Reebok ZigTech Shark

(Photo by Peter McCollough/Wired)

Reebok ZigTech Shark

If the UA Spine RPM and the ZigTech Shark ($100, men and women) were to battle it out using only their supreme comfort as their weapons, the Spine would probably win, but the outcome would be so close that they'd both end up bloodied and beaten.

Reebok's spongy, zig-shaped sole makes an exemplary shock absorber, while also providing the necessary rebound needed to keep your legs moving. The unique sole design also allows for additional flexibility that outdoes the normal "flat" sole you'll find on typical running shoes. The secret here is the way the sole material is cut -- a 20-degree backward angle is applied to the tread along the sole, so that when it's viewed from the side, it looks like the teeth of a shark (Get it?). This helps the shoes to bend more easily for better-than-average flex.

I took my Sharks out on the pavement and on the trail, and they held up well in both situations. I definitely felt a difference in both the cushion and responsiveness of the sole when rebounding.

Like many other current running sneakers, the Shark's upper is constructed mostly of breathable mesh. My personal favorite thing about the ZigTech Shark, however, is the so-soft-I-want-to-rub-it-on-my-face upper lining that runs along the tops of the heel, collar, and tongue. I didn't even feel the need to wear socks with these bad boys.

WIRED Ridiculously comfortable. Extra-flexy sole. Nice color choices. Inner lining is soft and supple enough to earn a nod from George Costanza. You could very well wear these without socks if you don't mind a little stinkiness.

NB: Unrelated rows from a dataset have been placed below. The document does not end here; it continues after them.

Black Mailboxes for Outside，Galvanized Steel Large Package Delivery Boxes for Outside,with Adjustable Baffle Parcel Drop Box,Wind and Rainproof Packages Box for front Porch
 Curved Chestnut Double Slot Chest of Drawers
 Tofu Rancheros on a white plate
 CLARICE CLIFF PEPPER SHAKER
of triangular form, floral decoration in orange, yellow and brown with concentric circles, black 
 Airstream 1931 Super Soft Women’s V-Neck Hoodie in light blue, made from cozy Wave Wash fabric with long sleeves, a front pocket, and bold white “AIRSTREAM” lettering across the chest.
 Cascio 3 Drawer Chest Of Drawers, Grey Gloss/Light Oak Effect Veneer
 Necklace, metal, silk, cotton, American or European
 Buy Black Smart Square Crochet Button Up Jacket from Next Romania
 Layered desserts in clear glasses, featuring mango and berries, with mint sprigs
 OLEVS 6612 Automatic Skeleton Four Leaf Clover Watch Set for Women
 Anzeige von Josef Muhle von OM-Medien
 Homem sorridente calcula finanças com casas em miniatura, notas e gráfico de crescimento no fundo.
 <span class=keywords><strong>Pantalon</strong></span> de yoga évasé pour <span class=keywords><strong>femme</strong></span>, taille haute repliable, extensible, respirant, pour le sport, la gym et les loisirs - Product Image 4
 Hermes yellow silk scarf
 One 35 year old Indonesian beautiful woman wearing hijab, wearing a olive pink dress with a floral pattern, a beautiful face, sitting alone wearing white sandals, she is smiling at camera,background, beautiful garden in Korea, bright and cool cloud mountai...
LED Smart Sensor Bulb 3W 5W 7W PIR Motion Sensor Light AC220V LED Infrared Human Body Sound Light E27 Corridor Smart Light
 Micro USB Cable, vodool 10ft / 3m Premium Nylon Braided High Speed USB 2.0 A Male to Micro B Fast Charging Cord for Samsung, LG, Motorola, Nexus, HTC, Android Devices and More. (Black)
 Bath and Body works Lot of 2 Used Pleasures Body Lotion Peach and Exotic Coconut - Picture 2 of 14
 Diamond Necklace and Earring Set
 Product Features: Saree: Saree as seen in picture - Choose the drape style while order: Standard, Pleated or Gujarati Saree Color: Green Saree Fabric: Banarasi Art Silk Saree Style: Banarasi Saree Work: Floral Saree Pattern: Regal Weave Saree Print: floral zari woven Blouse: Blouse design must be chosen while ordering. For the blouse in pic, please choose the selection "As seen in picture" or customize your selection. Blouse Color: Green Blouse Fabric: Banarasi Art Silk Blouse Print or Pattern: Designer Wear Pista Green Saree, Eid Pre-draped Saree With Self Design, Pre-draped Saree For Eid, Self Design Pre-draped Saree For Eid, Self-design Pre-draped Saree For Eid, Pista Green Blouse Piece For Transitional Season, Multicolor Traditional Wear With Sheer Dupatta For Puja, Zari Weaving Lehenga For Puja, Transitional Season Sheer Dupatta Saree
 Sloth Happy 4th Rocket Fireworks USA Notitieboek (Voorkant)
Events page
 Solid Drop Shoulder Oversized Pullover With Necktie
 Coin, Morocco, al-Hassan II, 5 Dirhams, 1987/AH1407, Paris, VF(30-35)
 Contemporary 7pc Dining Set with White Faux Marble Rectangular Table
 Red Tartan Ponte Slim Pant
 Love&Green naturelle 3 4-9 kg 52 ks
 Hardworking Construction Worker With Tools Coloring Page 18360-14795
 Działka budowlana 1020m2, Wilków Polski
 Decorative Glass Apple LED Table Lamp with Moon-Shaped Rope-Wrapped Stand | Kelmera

TIRED The ZigTech design is a love-it-or-hate-it gamble. Some will find the sole too spongy, soft, and flexible. Not for fans of more rigid shoes.



Newton Gravity

(Photo by Ariel Zambelich/Wired)


Newton Gravity

These road trainers from Newton (the company also makes a trail version) incorporate a little gimmick to help you improve your running form -- each shoe has four external actuator lugs that sit under your forefoot on the bottom of the sole. They provide a lever-lift motion during each step: your foot lands, you push through the step, and your foot rebounds off the surface, infusing the beginning of each new stride with a burst of energy. You're not going to be bouncing off the pavement like you're jumping on the moon or anything, but it is designed to give you a little more pep in your step.

So, do the weird little knobs on the bottom of the shoe work? Meh. You can certainly feel them there when running, and they do, in fact, help absorb the shock of landing. But I never felt that Flash-like bolt of energy coursing through my body on the rebound. The feel and action of the lugs will take a little bit of getting used to (especially if you've been running in more typical running shoes for years), so that's something to consider.

The bigger downsides: the insane price tag ($175) and the fact that, despite being lighter than some of the shoes in this roundup (just over 9 ounces), they felt heavier and clunkier than all the others because of the added bulk.

WIRED Excellent way to improve your running form. Very breathable. Great flexibility. Once you adapt, the "Land-Lever-Lift" system is barely noticeable. Beginners can use them to develop good running form, while experienced runners already familiar with the Newton system will benefit, too.

TIRED That $175 price tag...phew! Adds a slight spring to your stride that takes some getting used to. Extra hardware in the sole makes them feel heavier than their 9 ounces. Heel is on the hard side.